What physical changes are not normal?

If you have any physical or emotional changes that concern you, talk to your care provider. They can help you determine what is normal and what isn’t. You should also talk to your care provider if you have vomiting, flu-like symptoms, fever, heavy bleeding, difficulty urinating, leg pain, vaginal itching, dizziness, shortness of breath, or racing heart. 

Can I recover more quickly after childbirth? 

The most important thing to do after giving birth is listen to your care provider. They can help you understand what you went through and how long it will take to recover. Make sure you prioritize your needs for rest, nutrition, and mental health. Many women feel physically recovered from childbirth around 6 weeks, but for most, it may take longer. 

A postpartum doula can provide education and support, and assist with newborn care, breastfeeding support, or anything else that can help ease the transition when a new baby arrives. 

We know that bringing your newest family member home can be exciting and challenging, even if you prepare for baby’s arrival with childbirth education classes and prenatal support. Our trained and certified postpartum doulas help you with a smooth and manageable transition as you welcome a new member to your family. Through a combination of daytime, evening, and overnight shifts, we are here to support your family’s unique needs. Here are the ways we offer practical, informational, and emotional support at home, when you need it. 

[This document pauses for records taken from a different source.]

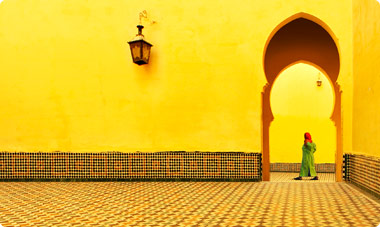 Meknes, Morocco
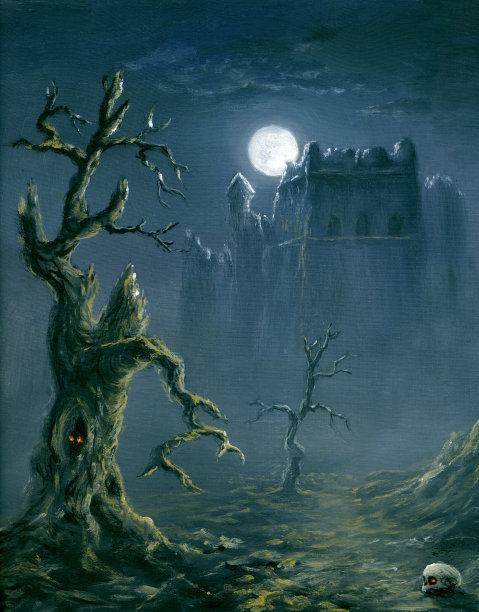 民间流传的那些灵异传说,在小说中完美体现,真良心推荐!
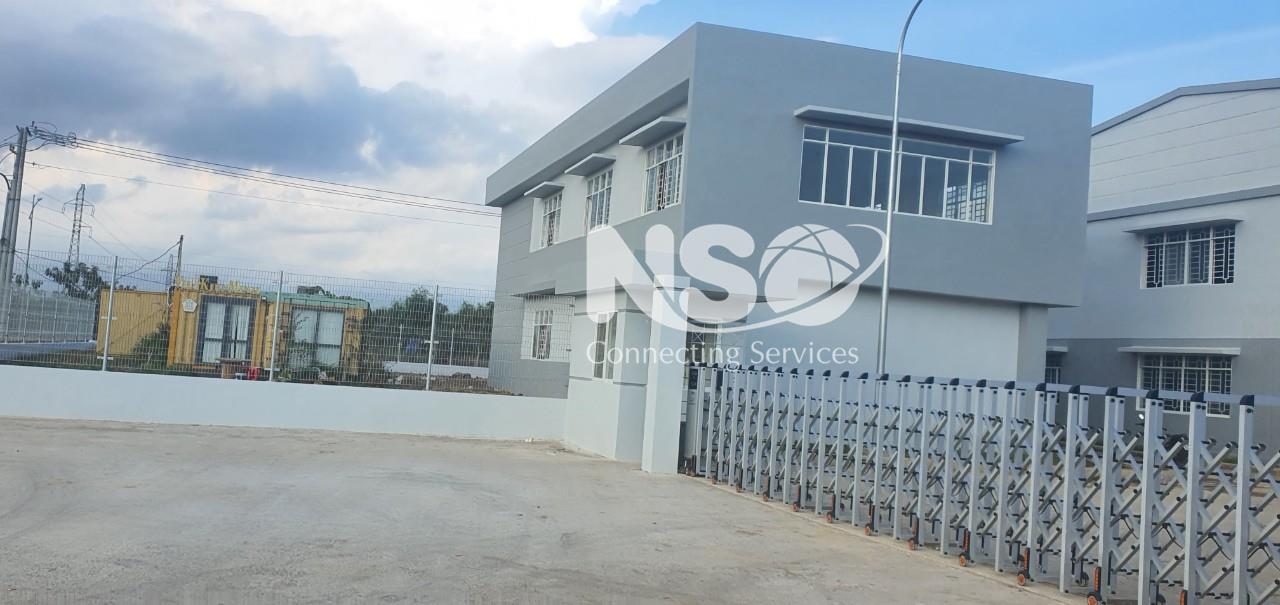 FACTORY FOR RENT IN SONADEZI CHAU DUC INDUSTRIAL PARK – BA RIA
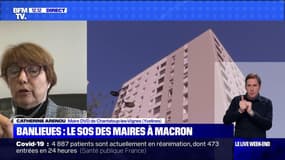 Banlieues : le SOS des maires à Macron - 14/11
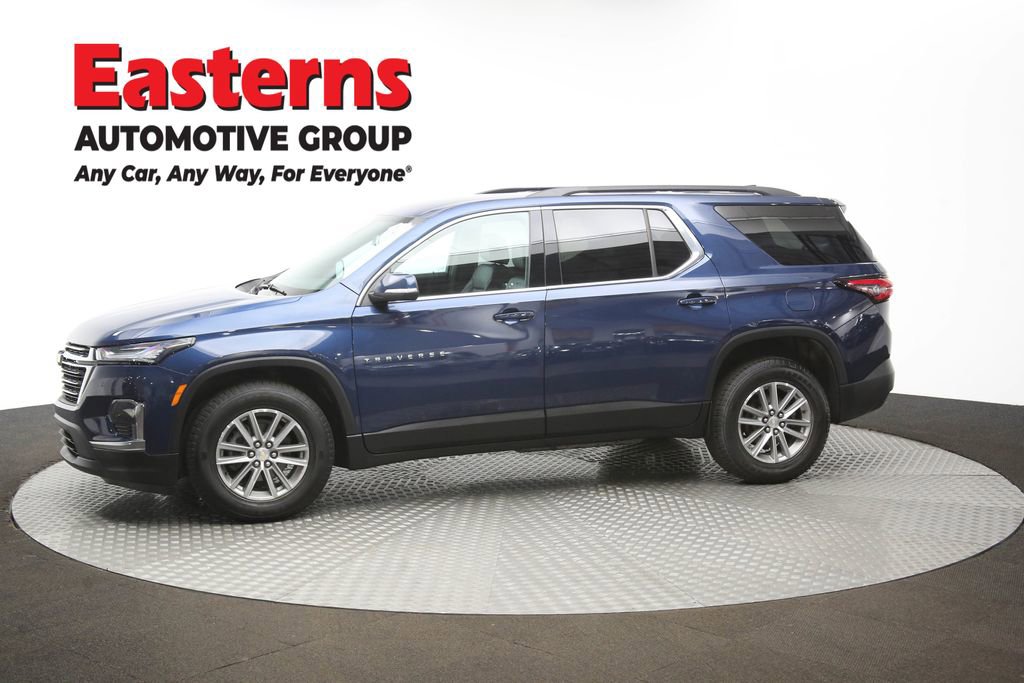 Used 2022 Chevrolet Traverse LT AWD/4WD image 59
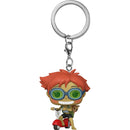 Funko Pocket Pop! Cowboy Bebop Ed and Ein Key Chain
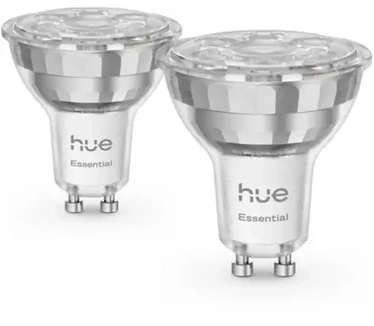 Philips Hue Essential - GU10 - White & Color Ambiance - 1-pack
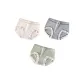 3 Pack[Ecru+Gray Blue+Green]
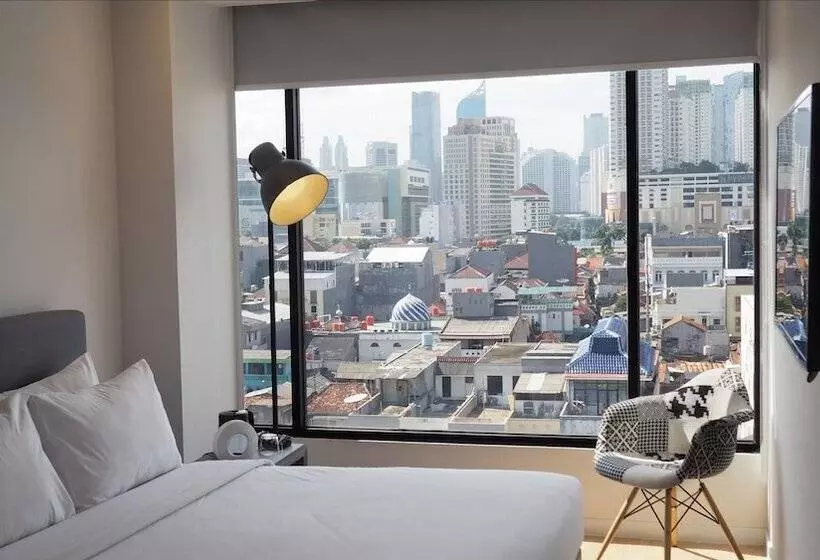 Fotos del hotel Juno Tanah Abang Jakarta:  15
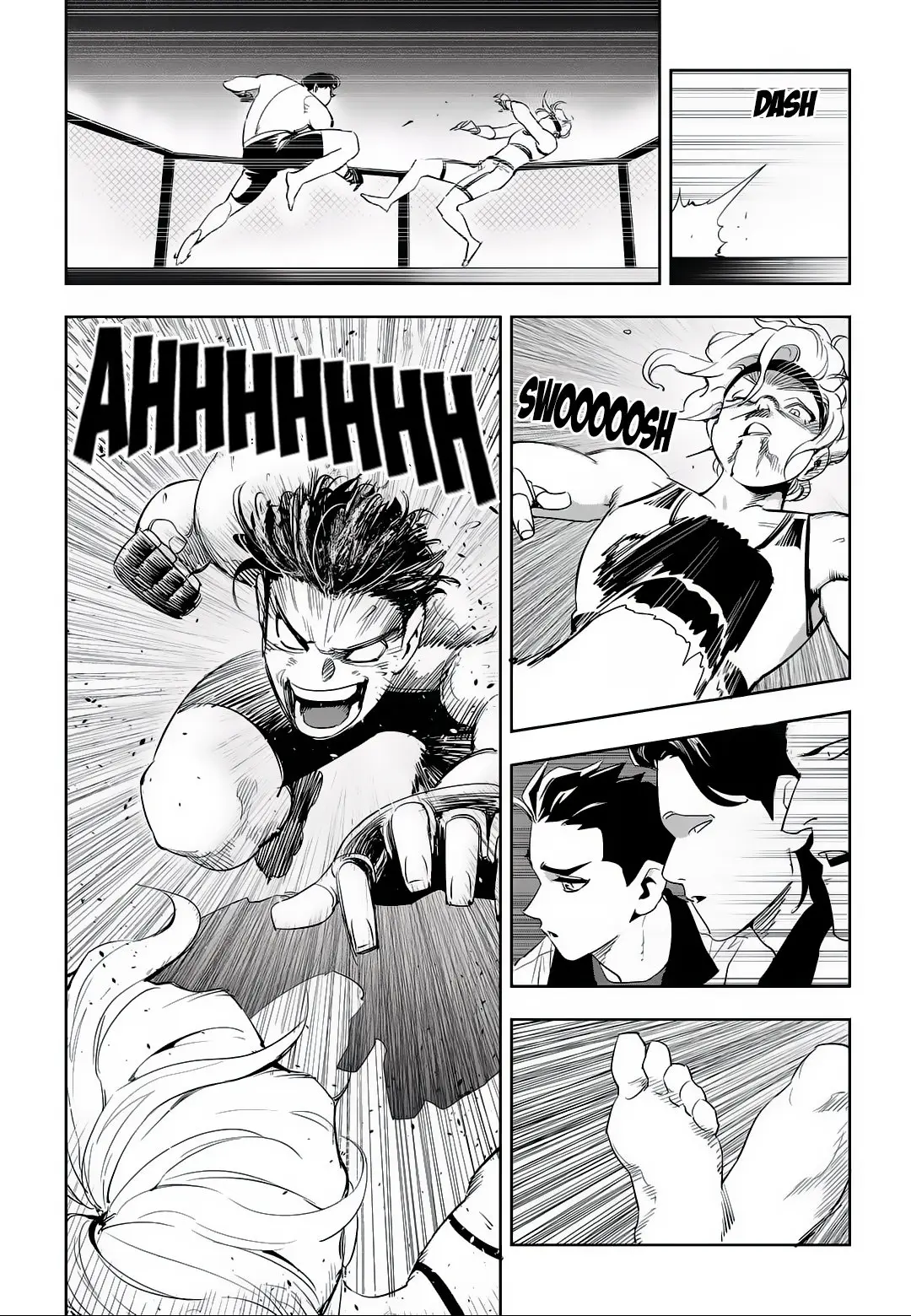 Fight Class 3 (2018) - Capítulo 53 - Página 42 - LectorTMOo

A postpartum doula’s practical support helps you take care of baby, yourself, and your family. 

Many times, people come to us looking for practical support when baby comes home. This can include feeding, caring for baby so you can attend to your needs, or helping prepare meals. During an overnight shift, a postpartum doula might put baby to bed, change diapers, and settle baby back to sleep. During a day shift, our support might allow you to take a shower, cook a meal, or breastfeed in peace. As helpful as the practical support is, many families express deep appreciation for the information and hands-on teaching their doula provided during the postpartum adjustment.

We provide information so you understand the 4th trimester. 

The first weeks and months after baby is born are often called the “4th trimester”, and many parents have just as many questions about what to expect as they did during pregnancy (if not more!). Postpartum doulas can do many specific tasks around the house, but many clients report that our value comes from being childbirth and newborn experts. We provide feeding guidance, offer soothing techniques, answer questions about postpartum and newborn health, and information on sleep habits. 

In the morning after a recent overnight shift, our doula talked to one partner about how the night went, and how to get baby sleeping for longer stretches. She offered advice such as creating sleep associations, keeping baby awake during the day for developmentally appropriate stretches, and nursing demands during the day. We are here to provide the support you want, but your doula will also work with you and your family to create the household, feeding, and sleep routines that work for you so that we are no longer needed! 

Emotional support from a postpartum doula helps your family grow and adjust with confidence. 

In general, our postpartum doulas provide fifty hours of in-person support during the baby’s first five weeks at home. These can be split between daytime, evening, and overnight shifts. However, our job as postpartum doulas is to create a smooth transition and give you and your family the skills and knowledge needed to manage the addition of baby. 

For example, during one daytime shift, our doula spoke to one partner about returning to work. He was looking forward to it, but felt guilty about leaving his partner with the new baby at home. Our doula talked about ways to continue contributing and how he could alternate bedtime duties. We are here to provide steadfast, non-judgemental support so you can feel confident about welcoming a new child into your family.